In many environments it is required to transfer fluid between bodies in relative motion to one another. For example, in a marine environment, fluids such as hydrocarbon fuels are often loaded onto ships. In such an environment the floating ship operates with a degree of movement which must be accommodated.
These issues occur when a ship is supplied from the shore and also when ships are supplied by other floating vessels. For example, a bunker vessel may be used to refuel a larger ship. In recent years, the use of liquid natural gas (LNG) as a fuel for maritime vessels has increased in popularity meaning that the provision of a bunker vessel able to refuel an LNG-fuelled ship is increasingly desirable, in addition to the need to transfer LNG between vessels.
Many prior art transfer techniques utilise articulated arms comprising a plurality of rigid sections pivotally mounted to one another to allow for degrees of movement. While this approach has resulted in reliable and robust transfer arms, there remain difficulties with the practical implementation of such systems in a range of circumstances.

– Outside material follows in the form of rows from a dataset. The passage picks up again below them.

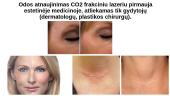 Lazerininė medicina 8 puslapis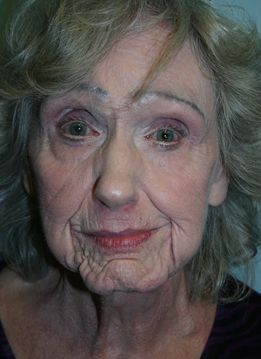 Facial Peels Before & After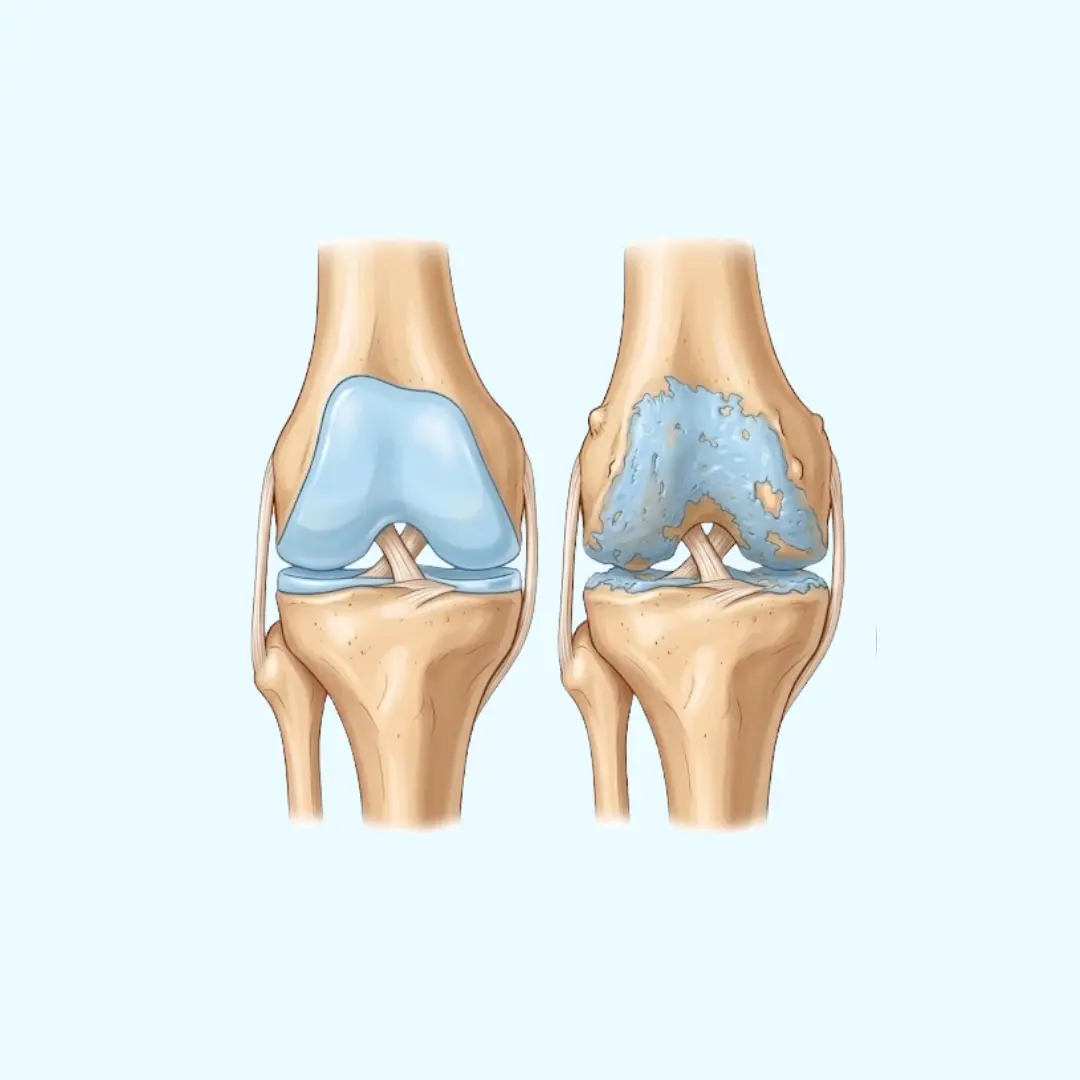Medizinischer Vergleich zwischen einem Kniegelenk mit Gonarthrose und einem Knie mit intaktem Gelenkknorpel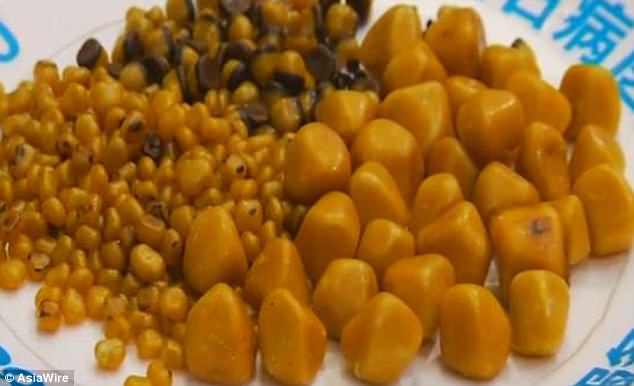 Mê đồ chiên, người phụ nữ mang trong mình 468 viên sỏi mật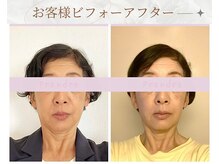 プランドール/フェイスラインがくっきりと☆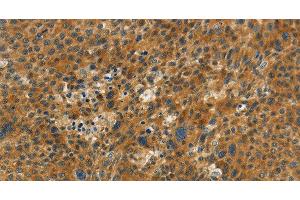 Immunohistochemistry of paraffin-embedded Human liver cancer tissue using NPAP1 Polyclonal Antibody at dilution 1:60 (NPAP1 抗体)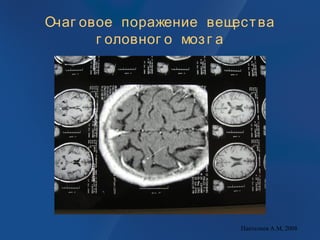 Очаг овое поражение вещества
г оловног о мозг а
Пантелеев А.М, 2008
 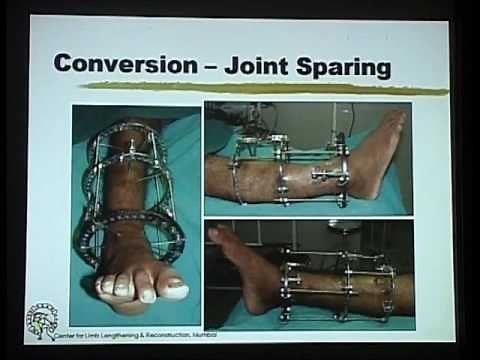 BOS Master Cares Pilon Fractures Dr Mangal Parihar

For example, there are substantial challenges in developing transfer arms comprising rigid members which have a sufficient range of movement. The range of movement required increases in particular when the transfer occurs between two floating vessels. Moreover, to provide appropriate degrees of movement at each joint in the articulated arm, the pipe through which the fluid is transferred is often disposed at a central axial point. This means that in many designs the arm can only carry a single pipe, or that incorporating an additional line results in significantly increased complexity. This is a particular disadvantage in the transfer of liquid natural gas, since it is often necessary not only to transfer LNG to the receiving vessel but to carry boil off gas (i.e. LNG vapour) away from that vessel. There are difficulties in providing the vapour line in rigid arm solutions.

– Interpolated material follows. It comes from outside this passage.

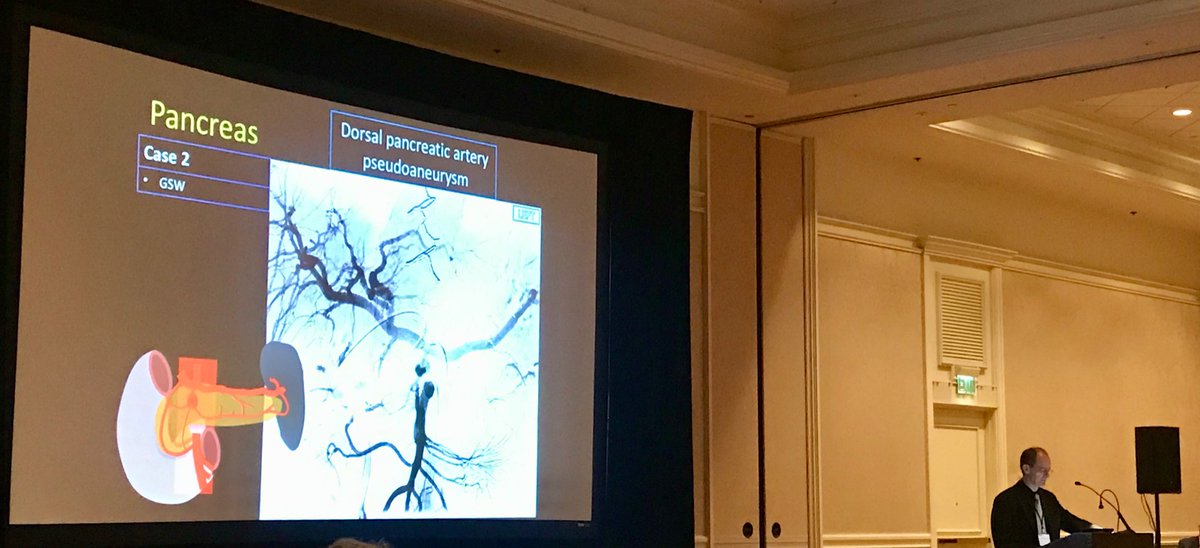 Alyssa_Varsanik's tweet image. Dr. Ahmed at the forefront with his vision of the “Hybrid OR.” Dr Lorenz explains the fix for pancreatic artery pseudo aneurysm. @UChicagoIR  @uchicagosurgery 
#HowToSaveALife Conference 2021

In addition to the above, transfer apparatuses of the type described above can be difficult to maintain and awkward to manoeuvre. In particular, rigid arm solutions are typically heavy with each arm generally balanced around their pivot by counter weight. The outcome of this arrangement is that large forces can be generated at the receiving vessel manifold when the relative motion increases in amplitude or speed.
In response to the difficulties outlined above, solutions have been proposed which use flexible hoses to transfer the fluid. The flexibility of the hoses is able to accommodate some of the relative movement that occurs due to the floating vessel or vessels. However, it is not appropriate merely to allow hoses to be extended between the receiving vessel and the source in an uncontrolled manner. Control is required when managing the connection and disconnection of the apparatus, but is also beneficial during any fluid transfer. One particular requirement when delivering fuel is that it is necessary to have a mechanism to handle emergency disconnection in an unexpected situation. For example, it is necessary to provide a mechanism to move the hose to a safe location should such a disconnection occur.
One proposed solution is described in International Patent Application No. WO2013/064601. This document describes a fluid transfer hose manipulator in which the hose is supported by an articulated arm which both maintains the hose in position and maintains it under tension. In this way, a structure is provided for the flexible hose. The structure comprises a plurality of hose guides at each of the connecting points in the articulated arm to ensure that the hose follows the structure of the arm. The articulated arm also comprises a hose tensioner which ensures that the hose is maintained under tension at all times.
While this approach provides some flexibility, it is dependent upon the reliability of the hose. The hose is under tension and is repeatedly flexed as relative motion occurs It is therefore necessary to ensure that any hose used is capable of withstanding such usage and to provide appropriate maintenance, perhaps repeatedly replacing the hose over the lifetime of the apparatus. This increases the complexity and expense of the solution. The issues involved are particular complex when the fluid carried is LNG, since this is carried at low temperatures (typically around −163° C.) and thus placing its own limits on hose materials and design.
There is therefore a continuing desire to provide a transfer apparatus which provides advantages in both reliability and flexibility. At the same time, it is important that any apparatus complies with the stringent safety requirements for the transfer of flammable fluids, particularly at sea, by providing suitable control.